Mr. Pickens concocted an unusual plan to supercharge returns for Cowboy Athletics. He sold school officials on a program to generate up to $250 million for the endowment by taking out multimillion-dollar insurance policies on the lives of older Oklahoma State alumni. The expectation was that the death payouts would exceed the premiums.

Both investments turned into big losers.

And here’s another.  The money in donated to athletics at OSU went into Mr. Pickens’s hedge fund.  Didn’t turn out too well.

The hedge fund's energy bets paid off at first. Then the global financial crisis hit and they lost much of their value between mid-2008 and late 2009—and so did the Cowboy Athletics endowment. The endowment's $202 million investment in the fund, which had grown in value to about $400 million, plunged to $125 million by the time the money was withdrawn.

So what was the cause of these problems?  Well there is this

Jerry McCoy, a Washington lawyer who specializes in charitable-tax planning, says complex life-insurance investment arrangements in general "pose a lot of problems," including that "people don't die on schedule" to guarantee returns.

Yeah, the age old problem of people not dying when they are supposed to.  But one of the biggest problems is this.  After the insurance policy scam blew up and generated massive lawsuits, it turned out that

Mr. Pickens dismissed the warnings, referring to one of the consultants in his deposition testimony as a "dumb cluck." Mr. Pickens said he left it up to Mr. Holder to make the final investment decision.


And what was the expertise and background of Mr. Holder to be given the role of making investment decisions on hundreds of millions of dollars?

He had served as the school's golf coach for more than three decades before being named to head the athletics department in 2005, at Mr. Pickens's urging.

Oh, well as everyone knows serving as a college golf coach for 30 years is definitely the person you want in charge of investing an endowment fund.

So what else can be learned from this debacle?  Well the argument that rich people need huge tax cuts to generate jobs doesn’t seem to hold up well.  Not many jobs were created by Mr. Pickens’s gift to OSU athletics.  And assuming the gifts were tax deductible, this illustrates a tax code that forces other tax paying Americans to subsidize gifts to a college football program. 

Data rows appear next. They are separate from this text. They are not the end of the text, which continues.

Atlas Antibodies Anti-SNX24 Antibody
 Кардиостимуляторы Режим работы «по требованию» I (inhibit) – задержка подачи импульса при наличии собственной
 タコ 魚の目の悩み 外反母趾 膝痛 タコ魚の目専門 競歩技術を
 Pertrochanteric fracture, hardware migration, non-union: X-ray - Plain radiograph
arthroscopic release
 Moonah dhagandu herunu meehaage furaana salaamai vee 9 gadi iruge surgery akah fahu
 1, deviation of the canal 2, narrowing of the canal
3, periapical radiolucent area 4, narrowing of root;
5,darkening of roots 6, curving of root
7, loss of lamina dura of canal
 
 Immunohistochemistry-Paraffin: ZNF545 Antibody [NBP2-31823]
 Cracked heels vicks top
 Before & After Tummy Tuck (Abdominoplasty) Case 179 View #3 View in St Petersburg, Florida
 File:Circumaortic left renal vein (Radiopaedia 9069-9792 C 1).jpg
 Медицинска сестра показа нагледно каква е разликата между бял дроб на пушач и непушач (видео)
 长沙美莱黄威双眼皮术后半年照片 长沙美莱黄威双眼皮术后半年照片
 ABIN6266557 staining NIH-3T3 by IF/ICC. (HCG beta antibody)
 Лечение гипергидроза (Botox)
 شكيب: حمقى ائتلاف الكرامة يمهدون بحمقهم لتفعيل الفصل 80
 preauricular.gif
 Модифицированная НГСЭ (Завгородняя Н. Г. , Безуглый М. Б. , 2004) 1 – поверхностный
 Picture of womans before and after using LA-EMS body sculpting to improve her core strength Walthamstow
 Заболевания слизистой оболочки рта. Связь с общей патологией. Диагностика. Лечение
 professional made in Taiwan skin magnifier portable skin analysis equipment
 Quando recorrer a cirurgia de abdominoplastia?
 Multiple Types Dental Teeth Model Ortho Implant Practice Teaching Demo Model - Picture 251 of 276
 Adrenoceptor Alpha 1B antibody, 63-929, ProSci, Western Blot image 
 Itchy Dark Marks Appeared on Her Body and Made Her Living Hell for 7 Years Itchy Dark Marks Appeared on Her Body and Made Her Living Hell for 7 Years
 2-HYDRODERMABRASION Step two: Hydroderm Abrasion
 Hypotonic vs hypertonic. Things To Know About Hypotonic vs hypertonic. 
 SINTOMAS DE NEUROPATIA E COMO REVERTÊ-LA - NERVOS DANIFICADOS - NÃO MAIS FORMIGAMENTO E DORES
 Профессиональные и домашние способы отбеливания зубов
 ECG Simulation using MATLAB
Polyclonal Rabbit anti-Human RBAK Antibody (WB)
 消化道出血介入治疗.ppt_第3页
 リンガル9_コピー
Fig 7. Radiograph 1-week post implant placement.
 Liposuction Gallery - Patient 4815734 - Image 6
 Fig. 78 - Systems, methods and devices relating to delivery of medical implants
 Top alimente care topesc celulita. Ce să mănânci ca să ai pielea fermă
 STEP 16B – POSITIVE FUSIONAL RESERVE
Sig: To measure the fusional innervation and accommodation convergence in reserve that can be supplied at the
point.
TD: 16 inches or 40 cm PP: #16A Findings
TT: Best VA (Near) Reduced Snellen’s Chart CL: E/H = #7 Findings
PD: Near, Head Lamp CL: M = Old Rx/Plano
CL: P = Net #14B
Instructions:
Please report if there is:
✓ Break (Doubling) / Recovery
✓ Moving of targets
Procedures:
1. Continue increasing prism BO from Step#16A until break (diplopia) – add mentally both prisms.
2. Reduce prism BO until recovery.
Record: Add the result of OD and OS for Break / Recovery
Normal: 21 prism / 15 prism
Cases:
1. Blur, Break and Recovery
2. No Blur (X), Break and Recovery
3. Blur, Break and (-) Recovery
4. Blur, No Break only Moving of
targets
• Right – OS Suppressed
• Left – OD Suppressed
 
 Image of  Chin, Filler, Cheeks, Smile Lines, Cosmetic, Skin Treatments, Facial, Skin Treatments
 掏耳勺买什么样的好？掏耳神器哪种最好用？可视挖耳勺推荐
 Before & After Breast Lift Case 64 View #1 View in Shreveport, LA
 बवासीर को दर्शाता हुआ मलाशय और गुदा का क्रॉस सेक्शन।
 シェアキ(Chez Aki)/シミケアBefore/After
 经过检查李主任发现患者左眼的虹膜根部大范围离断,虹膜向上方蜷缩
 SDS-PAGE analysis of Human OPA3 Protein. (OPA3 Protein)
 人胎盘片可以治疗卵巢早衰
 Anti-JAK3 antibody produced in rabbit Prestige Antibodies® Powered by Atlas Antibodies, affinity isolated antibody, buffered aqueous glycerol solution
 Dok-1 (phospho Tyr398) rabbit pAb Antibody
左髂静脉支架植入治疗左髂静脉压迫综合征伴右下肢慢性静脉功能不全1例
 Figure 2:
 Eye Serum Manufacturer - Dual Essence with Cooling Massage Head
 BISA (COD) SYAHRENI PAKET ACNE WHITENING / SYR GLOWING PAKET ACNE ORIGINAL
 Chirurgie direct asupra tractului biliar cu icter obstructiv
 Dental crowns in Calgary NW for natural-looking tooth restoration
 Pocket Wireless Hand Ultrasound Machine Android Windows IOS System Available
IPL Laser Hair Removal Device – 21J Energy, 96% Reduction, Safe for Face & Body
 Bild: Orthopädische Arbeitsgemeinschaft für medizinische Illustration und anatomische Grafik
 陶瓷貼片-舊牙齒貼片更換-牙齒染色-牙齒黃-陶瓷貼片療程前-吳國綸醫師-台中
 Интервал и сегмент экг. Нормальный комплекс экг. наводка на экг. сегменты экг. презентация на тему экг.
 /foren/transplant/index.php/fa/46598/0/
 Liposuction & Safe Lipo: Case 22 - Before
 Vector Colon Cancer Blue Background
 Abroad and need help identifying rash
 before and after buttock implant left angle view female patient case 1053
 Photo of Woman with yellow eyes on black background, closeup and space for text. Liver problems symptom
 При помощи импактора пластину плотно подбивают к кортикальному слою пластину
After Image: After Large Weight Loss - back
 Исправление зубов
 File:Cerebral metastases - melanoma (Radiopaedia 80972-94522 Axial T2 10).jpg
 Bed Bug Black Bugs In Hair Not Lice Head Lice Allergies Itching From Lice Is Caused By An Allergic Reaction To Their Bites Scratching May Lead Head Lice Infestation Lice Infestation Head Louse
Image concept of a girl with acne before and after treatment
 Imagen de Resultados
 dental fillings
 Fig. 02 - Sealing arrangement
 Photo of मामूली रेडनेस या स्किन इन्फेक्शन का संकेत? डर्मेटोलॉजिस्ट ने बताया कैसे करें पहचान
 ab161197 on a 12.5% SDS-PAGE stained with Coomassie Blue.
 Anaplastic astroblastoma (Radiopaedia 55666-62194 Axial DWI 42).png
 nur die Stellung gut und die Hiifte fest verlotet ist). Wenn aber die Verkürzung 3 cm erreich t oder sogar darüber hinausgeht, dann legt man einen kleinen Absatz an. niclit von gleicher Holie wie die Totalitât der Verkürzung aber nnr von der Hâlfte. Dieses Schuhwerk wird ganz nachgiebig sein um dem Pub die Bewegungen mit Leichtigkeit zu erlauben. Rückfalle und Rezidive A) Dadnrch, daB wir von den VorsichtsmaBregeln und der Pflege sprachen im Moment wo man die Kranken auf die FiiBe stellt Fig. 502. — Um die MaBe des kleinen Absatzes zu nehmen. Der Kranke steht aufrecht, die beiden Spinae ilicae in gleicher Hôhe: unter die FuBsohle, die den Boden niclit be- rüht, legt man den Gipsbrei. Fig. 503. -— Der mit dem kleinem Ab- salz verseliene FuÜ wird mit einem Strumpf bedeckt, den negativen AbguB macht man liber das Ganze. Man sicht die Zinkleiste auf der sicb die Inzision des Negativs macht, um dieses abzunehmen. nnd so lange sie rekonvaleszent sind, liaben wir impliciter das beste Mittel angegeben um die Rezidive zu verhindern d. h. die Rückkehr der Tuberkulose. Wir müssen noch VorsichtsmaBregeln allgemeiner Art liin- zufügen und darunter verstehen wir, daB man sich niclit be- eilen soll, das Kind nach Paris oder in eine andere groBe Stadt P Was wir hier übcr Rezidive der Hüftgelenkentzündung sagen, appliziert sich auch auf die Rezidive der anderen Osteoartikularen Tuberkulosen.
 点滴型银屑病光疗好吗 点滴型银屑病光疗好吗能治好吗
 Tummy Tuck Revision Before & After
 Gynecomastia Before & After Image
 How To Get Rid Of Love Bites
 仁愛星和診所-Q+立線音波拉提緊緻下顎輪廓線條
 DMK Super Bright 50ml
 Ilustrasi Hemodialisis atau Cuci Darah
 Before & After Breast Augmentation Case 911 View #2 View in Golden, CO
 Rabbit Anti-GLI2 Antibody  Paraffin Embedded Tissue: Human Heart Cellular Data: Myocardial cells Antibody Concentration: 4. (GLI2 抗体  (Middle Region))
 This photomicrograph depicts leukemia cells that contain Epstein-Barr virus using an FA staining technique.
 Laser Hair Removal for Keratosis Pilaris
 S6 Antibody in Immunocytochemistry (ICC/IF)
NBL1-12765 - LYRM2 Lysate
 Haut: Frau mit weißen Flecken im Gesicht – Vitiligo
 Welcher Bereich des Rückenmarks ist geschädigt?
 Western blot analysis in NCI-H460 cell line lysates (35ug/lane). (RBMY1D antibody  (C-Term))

It is hard to see how America is better off from Mr. Pickens having donated a couple hundred millions to Oklahoma State athletics.  None of the money improves the educational mission of the University.  About all it does is improve the entertainment mission of the University, assuming it does have a mission of providing entertainment for Mr. Pickens and his ilk.

And one final conclusion.  After reviewing the mis-adventures of Mr. Pickens we have unassailable proof that people who make large fortunes largely do so because of luck.  Certainly there is nothing to denote that Mr. Pickens has the skill to have made anything higher than minimum wage.